[Task details]
Write out the stretch of lines below that begins at the line with "Grilled chicken breast" and ends at the line with "A close-up side", including both, exactly as given and nothing more.

[Records supplied]
———

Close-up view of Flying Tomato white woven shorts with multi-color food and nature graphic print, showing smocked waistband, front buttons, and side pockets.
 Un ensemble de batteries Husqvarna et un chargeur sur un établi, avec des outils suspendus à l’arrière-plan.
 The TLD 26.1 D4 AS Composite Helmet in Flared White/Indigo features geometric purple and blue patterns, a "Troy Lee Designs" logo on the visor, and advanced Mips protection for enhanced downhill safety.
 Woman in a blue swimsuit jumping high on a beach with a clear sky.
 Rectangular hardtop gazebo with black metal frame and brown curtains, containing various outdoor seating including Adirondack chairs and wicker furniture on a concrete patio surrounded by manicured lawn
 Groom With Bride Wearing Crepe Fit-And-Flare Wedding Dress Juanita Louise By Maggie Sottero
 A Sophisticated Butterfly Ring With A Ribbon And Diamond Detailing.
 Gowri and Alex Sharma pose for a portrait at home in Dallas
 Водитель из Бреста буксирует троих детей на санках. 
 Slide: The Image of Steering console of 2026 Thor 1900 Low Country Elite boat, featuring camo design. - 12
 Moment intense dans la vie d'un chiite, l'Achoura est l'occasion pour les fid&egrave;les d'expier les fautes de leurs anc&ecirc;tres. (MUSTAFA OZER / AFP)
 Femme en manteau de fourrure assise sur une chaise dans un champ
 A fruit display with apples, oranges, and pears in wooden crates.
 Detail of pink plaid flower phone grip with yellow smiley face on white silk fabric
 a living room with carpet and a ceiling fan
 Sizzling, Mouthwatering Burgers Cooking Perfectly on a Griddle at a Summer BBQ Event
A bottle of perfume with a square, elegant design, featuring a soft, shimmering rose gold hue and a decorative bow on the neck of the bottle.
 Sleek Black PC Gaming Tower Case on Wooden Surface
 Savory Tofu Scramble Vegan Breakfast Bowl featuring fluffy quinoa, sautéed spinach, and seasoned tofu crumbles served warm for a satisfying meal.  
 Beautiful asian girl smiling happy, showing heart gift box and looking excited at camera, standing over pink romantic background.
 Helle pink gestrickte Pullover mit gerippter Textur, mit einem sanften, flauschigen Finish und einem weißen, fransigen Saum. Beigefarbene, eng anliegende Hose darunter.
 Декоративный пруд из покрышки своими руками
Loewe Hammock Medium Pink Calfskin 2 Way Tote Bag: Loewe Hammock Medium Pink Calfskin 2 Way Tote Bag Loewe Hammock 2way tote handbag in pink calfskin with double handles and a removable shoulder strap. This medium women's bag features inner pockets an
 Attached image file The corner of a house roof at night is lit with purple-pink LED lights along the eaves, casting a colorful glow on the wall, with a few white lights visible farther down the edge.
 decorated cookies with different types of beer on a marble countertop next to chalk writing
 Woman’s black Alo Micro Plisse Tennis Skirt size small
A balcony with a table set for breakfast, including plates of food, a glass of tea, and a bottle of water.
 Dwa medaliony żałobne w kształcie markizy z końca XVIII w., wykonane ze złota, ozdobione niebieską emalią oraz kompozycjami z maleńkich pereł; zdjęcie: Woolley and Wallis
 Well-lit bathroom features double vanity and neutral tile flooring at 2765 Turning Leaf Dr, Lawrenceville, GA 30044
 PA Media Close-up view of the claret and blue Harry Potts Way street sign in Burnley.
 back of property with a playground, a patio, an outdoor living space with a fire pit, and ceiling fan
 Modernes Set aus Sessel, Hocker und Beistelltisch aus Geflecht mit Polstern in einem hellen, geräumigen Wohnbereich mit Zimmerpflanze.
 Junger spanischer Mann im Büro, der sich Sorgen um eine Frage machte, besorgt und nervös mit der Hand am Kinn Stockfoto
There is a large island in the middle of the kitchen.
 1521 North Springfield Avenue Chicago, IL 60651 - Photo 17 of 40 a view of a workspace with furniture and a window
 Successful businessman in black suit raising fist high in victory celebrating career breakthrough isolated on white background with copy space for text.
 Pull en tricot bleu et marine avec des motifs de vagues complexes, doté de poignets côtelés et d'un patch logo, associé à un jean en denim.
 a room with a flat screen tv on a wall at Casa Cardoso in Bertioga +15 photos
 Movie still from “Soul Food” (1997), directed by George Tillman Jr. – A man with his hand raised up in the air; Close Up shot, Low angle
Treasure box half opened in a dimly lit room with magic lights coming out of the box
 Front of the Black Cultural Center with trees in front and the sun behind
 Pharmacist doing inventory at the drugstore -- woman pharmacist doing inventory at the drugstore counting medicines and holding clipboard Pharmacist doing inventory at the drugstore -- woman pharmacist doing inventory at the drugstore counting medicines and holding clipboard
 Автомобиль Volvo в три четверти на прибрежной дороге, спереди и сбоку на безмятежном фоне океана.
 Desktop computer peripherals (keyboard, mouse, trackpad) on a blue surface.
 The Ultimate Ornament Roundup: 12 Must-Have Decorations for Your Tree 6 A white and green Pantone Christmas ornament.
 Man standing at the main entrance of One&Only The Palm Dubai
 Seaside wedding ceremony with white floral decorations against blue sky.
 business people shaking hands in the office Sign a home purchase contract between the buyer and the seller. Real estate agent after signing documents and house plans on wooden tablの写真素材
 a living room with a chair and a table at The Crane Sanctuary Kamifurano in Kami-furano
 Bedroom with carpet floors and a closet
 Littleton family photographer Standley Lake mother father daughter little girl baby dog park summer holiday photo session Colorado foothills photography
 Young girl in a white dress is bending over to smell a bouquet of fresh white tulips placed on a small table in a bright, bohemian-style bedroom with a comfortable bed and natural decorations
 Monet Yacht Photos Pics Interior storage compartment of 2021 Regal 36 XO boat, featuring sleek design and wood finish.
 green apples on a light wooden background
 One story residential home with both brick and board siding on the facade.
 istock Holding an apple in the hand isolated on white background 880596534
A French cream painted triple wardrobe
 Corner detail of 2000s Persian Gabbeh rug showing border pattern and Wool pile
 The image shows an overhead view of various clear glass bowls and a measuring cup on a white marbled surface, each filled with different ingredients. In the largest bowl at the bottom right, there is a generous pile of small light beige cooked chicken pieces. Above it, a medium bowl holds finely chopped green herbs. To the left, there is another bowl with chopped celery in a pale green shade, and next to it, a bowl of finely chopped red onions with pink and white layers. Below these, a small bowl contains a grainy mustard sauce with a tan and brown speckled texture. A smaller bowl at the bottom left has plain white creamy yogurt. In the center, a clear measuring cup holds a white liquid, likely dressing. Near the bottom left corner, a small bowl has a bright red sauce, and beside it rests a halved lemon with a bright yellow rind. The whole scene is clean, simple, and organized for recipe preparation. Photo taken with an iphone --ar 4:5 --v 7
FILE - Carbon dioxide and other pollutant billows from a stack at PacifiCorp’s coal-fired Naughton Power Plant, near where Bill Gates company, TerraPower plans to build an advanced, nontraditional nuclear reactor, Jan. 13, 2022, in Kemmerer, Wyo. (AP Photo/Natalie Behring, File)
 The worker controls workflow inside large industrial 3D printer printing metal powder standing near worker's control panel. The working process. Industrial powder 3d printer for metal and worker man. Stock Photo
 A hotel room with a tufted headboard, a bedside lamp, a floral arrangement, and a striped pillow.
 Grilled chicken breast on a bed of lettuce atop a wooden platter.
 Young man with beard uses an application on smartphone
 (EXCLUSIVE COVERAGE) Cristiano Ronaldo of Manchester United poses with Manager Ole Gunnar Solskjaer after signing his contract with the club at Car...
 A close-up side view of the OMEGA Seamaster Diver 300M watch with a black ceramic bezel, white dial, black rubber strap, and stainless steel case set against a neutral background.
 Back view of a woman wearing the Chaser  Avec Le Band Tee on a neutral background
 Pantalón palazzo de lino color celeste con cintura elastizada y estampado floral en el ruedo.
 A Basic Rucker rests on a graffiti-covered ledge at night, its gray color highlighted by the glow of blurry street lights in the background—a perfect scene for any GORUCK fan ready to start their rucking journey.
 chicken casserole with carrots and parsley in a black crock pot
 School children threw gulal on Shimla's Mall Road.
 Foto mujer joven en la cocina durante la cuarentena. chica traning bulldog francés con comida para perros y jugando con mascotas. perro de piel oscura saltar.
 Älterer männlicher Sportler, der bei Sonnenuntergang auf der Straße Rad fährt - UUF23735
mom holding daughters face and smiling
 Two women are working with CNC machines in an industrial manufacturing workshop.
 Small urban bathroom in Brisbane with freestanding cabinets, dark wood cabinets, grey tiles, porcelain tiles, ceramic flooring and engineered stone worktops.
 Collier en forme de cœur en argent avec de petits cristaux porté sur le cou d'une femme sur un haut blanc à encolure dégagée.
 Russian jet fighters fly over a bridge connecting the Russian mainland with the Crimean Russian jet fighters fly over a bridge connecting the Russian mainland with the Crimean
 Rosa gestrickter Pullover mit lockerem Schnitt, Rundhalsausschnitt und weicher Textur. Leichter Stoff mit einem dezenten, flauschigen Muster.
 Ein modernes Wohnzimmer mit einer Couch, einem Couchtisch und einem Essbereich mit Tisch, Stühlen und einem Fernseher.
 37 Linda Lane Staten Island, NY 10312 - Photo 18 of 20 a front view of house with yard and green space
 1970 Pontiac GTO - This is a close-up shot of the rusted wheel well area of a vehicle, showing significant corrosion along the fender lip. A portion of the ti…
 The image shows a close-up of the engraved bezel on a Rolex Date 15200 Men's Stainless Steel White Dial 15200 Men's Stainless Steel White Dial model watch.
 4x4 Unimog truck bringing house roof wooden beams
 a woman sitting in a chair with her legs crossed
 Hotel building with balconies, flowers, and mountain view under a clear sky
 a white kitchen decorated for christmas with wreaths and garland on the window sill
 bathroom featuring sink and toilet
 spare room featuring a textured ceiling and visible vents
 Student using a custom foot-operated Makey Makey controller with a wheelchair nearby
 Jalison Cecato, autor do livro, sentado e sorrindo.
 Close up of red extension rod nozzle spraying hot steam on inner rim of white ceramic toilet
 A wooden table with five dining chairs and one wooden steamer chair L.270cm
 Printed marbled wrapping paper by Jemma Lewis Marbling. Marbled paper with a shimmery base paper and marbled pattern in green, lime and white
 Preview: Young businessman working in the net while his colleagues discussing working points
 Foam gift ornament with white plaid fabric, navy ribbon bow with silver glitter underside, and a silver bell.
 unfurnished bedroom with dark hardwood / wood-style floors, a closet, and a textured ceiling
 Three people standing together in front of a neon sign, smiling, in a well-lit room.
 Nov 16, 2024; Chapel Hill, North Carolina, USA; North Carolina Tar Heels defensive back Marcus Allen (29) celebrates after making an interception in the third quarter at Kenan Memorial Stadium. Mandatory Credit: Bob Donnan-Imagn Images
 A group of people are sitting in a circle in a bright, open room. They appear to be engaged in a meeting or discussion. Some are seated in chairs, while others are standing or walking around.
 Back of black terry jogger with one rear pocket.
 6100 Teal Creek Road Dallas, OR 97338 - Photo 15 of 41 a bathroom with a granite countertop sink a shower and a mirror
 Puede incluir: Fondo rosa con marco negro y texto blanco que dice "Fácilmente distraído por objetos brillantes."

———

[Output of the task]
 Grilled chicken breast on a bed of lettuce atop a wooden platter.
 Young man with beard uses an application on smartphone
 (EXCLUSIVE COVERAGE) Cristiano Ronaldo of Manchester United poses with Manager Ole Gunnar Solskjaer after signing his contract with the club at Car...
 A close-up side view of the OMEGA Seamaster Diver 300M watch with a black ceramic bezel, white dial, black rubber strap, and stainless steel case set against a neutral background.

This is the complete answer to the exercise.